UPenn employs the bogey of antisemitism to smear a Palestinian literary event
The university’s stance mirrors Israel’s larger attempt to stamp out all forms of Palestinian resistance and dissent. Even by the pen.
On September 12, the University of Pennsylvania (UPenn) issued a public statement, implicitly condemning the Palestine Writes Literature Festival that’s being held on its campus.
“While the Festival will feature more than 100 speakers,” reads the statement, “ many have raised deep concerns about several speakers who have a documented and troubling history of engaging in antisemitism by speaking and acting in ways that denigrate Jewish people.
We unequivocally -- and emphatically -- condemn antisemitism as antithetical to our institutional values”.
Though strongly worded, this passage of the statement ultimately has no legitimacy. Much as many of the festival’s participants, such as well-known UK musician Roger Waters, have an obvious – and laudable – history of contesting the criminality of Israel, none of them are antisemitic.
That would require them to be hateful towards Jews, which they’re not. The idea that they are in virtue of being anti-Israel is to, rather crudely, conflate opposition to the state – specifically on the basis of its longstanding oppression of the Palestinian people – with being antisemitic.
The conflation is no doubt a tired one. It’s routinely made by pro-Israeli lobbyists, for example, to silence critics of Israel for various nefarious (and dishonourable) reasons, such as to more easily allow Israel to commit egregious human rights violations against Palestine with impunity.
Such violations range from keeping Paelstinians in the open-air prison that is Gaza to depriving them of adequate water and energy supplies in the occupied territory to continued illegal Israeli settlement expansion in the West Bank that displaces generations of Palestinians and routine raids in the same territory that often end up with Palestinians either killed – as happened this week – by the Israeli military or imprisoned without charge or trial (referred to in human rights and legal discourse as “administrative detention”).
If anything UPenn, in keeping with its express commitment to diversity and inclusion, should have released a statement commending Palestine Writes – a concrete example of such commitment.
More specifically, Palestine Writes, as it official site emphasises, is about celebrating Palestinian voices, too often marginalised despite the importance of what they illuminate: the prolonged subjugation of Palesitne at the hands of Israel, the resilience of the Palestinian people in the face of it and, on a positive note, Palestinian culture itself – characterised by inspiring art, literature and poetry.
UPenn’s statement not only fails to recognise this rich aspect of Palestine Writes but to provide a shred of evidence that the event is in any way antisemitic. That hypothetically could have been done, say, by citing quotes or activities that implicate various Palestine Writes participants.
The charge of antisemitism – a serious one – deserves at least that. Such hate is outside the realm of most people’s everyday behaviour. Likewise it cannot be assumed that someone is antisemitic simply because a particular entity, be it a person, organisation or institution, says so.

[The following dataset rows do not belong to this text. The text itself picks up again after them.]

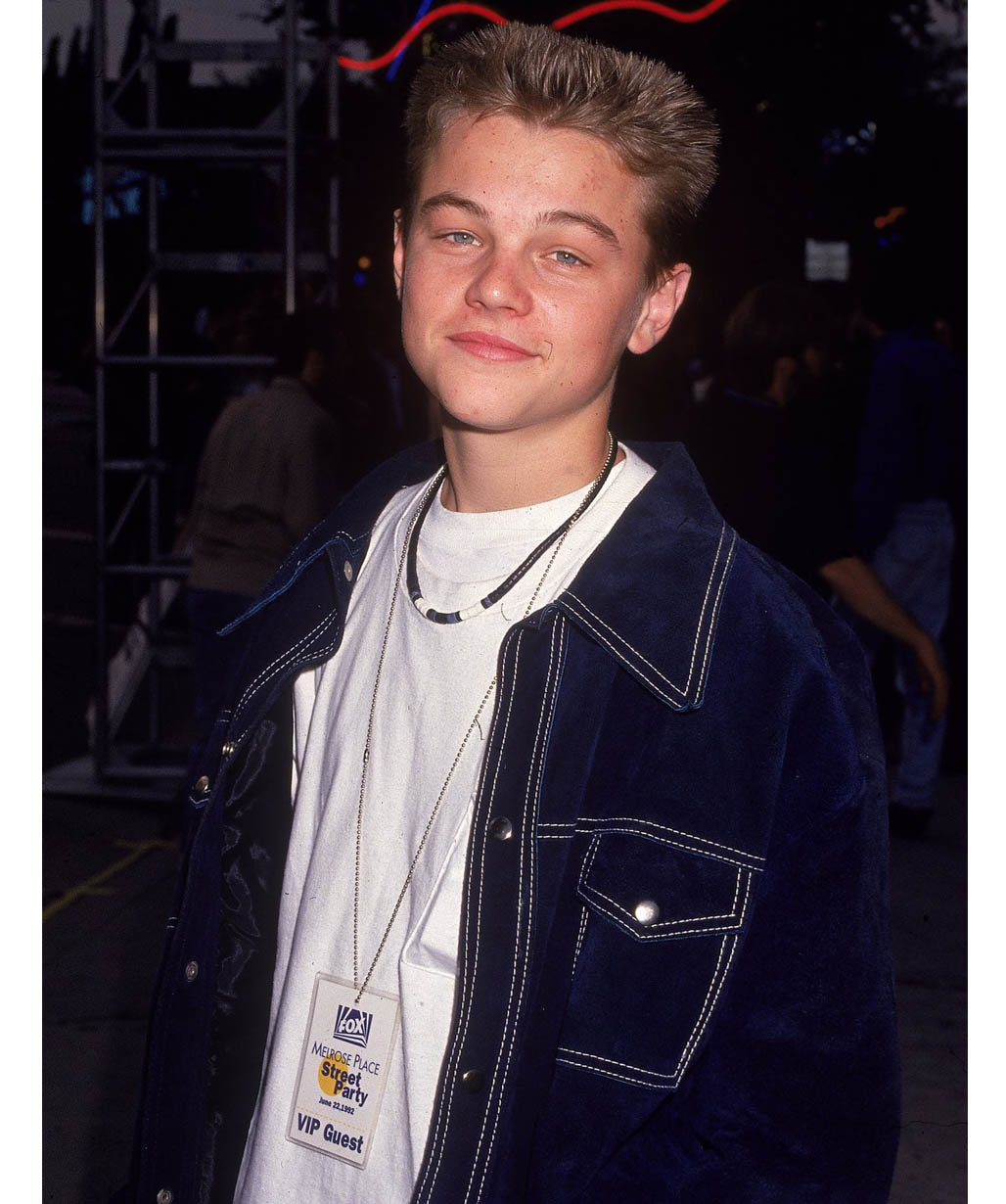 young-leonardo-dicaprio-black-suede-leather-jacket-outfit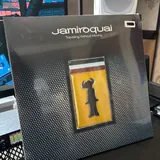 Монитор, трекбол, стрим-дек, виниловая пластинка, плащ 4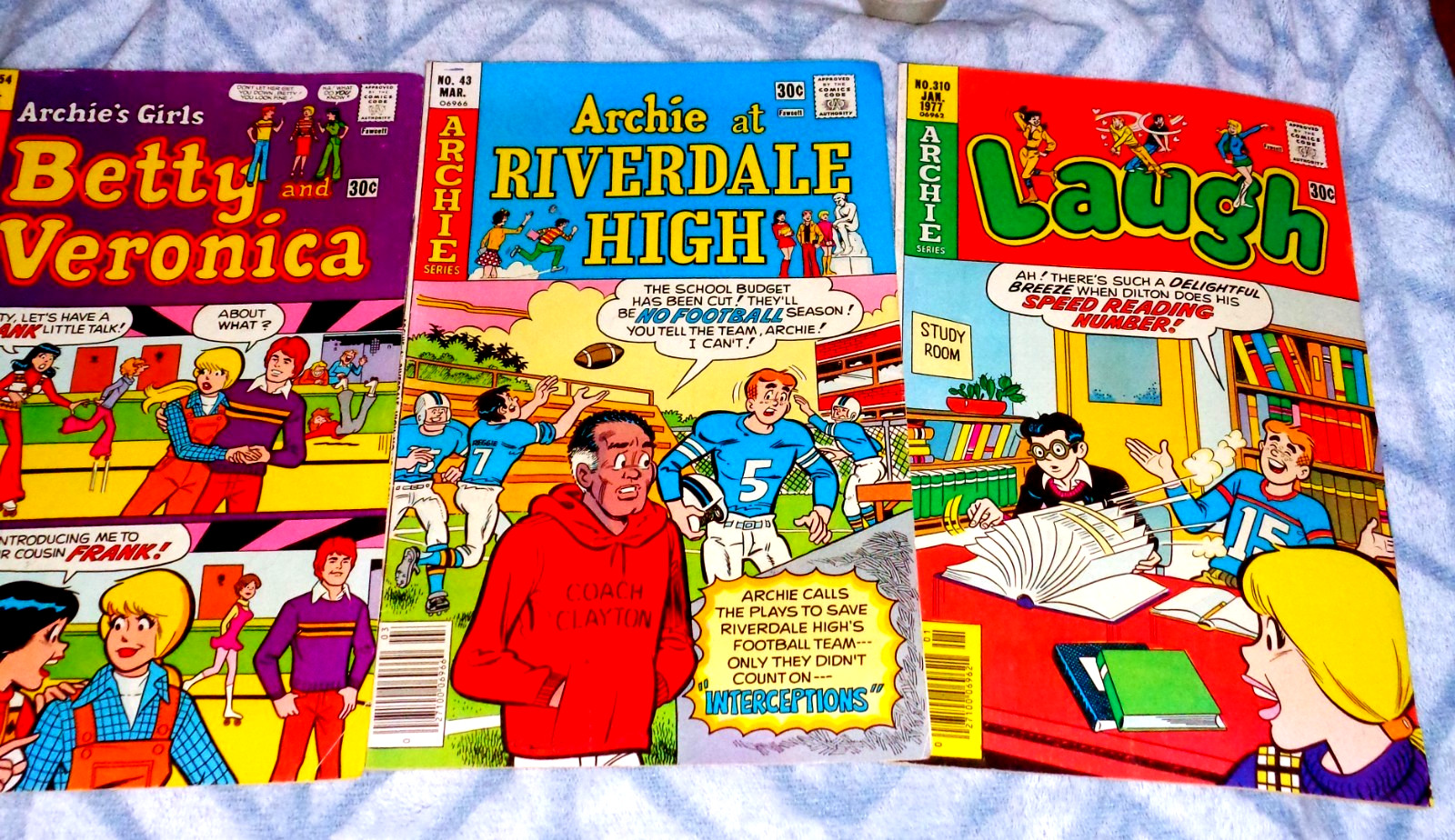3 ARCHIE COMIC BOOKS-BETTY VERONICA,LAUGH,RIVERDALE HIGH-BRONZE-VERY GOOD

What then are we to make of the likes of UPenn, which make the charge without proof? It happens on the part of apologists and defenders of Israel so often that it’s surprising the question, within popular discourse, is not asked more.
Then again, charging Palestinian voices – as seen earlier this year against musicians in solidarity with Palestine – has become such a “normal” part of Western culture that there may seem no reason, much less urgency, to ask the question at all.
That should worry us. It makes it likelier for bad actors to smear Palestinian voices, events, etc. as “antisemitic”, with relatively little protest from an unquestioning public. At the same time it tarnishes, if not outright ruins, the reputation of good actors, such as those advocating or standing for the liberation of Palestine from Israeli apartheid.
No one should have to bear that cost. It is tantamount to punishing someone for, simply put, doing the right thing.
It’s also deeply racist.
This is articulated well by Palestine Legal, which in an open letter to UPenn states: “By repeating the conclusions of conference opponents [including by not limited to pro-Israeli lobbyists] who are falsely maligning as antisemites conference participants because they support Palestinian freedom and equality, Penn is guilty of perpetuating the anti-Palestinian racism that is at the heart of these detractors’ claims”.
UPenn should be held accountable for both such racism, as well as making the spurious antisemitic charge against Palestine Writes. A responsible and democratic society, whether in the United States (where UPenn is) or elsewhere, must not shrug it shoulders at this, trivialising it as the common fare of those – for whatever reason – want to keep Palestine oppressed.
UPenn’s statement is but one example of this, mirroring Israel’s larger attempt to stamp out all forms of Palestinian resistance and dissent. Even by the pen.